当社が納入した装置は、回転ガントリー式照射室1室と水平方向固定照射式照射室1室の計2治療室で構成される重粒子線治療装置で、昨年2月に水平方向固定照射式照射室での治療が開始され、今年3月に回転ガントリー式照射室での前立腺がん治療が開始、今夏には回転する角度が拡大し骨盤部がんの治療が、秋には呼吸に合わせて照射することも可能になり、肺がんなどへの治療が開始される予定です。
本装置は、省エネルギー、省スペース・小型化、イージーオペレーション(運転・管理の容易化)、廃棄物低減注3等の山形大学の多様なニーズを満たしています。当社の最新技術を駆使することで、高速スキャニング照射や呼吸同期照射も実現しております。2018年から据付を開始し、調整作業を経て、治療開始を迎えました。
今後も重粒子線治療装置の普及を目指して、国内外で積極的な受注活動を展開し、質の高いがん治療の実現に貢献してまいります。
注1:炭素イオンを光の速さの約70%まで加速して炭素イオン線(=重粒子線)とし、がん腫瘍に対して体の外から照射する外部放射線治療の一種。重粒子線は体内で広がりにくく、がん腫瘍にピンポイントで集中させることができるため、周囲の正常な細胞を傷つけにくい。加えて他の放射線に比べて「がん細胞の遺伝子」を破壊する能力が高いという特長がある。患者の身体的負担が少なく早期の社会復帰を可能とする治療方法と言われている。

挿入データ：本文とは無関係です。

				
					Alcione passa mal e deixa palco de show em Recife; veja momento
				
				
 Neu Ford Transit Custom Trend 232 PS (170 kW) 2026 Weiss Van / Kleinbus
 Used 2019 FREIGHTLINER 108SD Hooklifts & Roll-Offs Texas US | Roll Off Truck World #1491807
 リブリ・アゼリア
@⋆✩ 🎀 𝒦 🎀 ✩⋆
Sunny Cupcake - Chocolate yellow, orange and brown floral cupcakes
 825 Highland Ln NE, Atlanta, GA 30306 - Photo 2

注2:照射角度を360度自由に設定できるため、患者は楽な姿勢のままで最適な角度から”がん腫瘍”を狙える。また、重粒子線の低散乱特性とスキャニング照射技術を組み合わせることにより中枢神経や保護臓器を避けて、がん腫瘍への線量集中性をさらに高めることが可能。
注3:従来方式で必要とされていた補償フィルターや患者コリメータを必要としないため、治療期間の短縮と放射化廃棄物の低減を両立できる。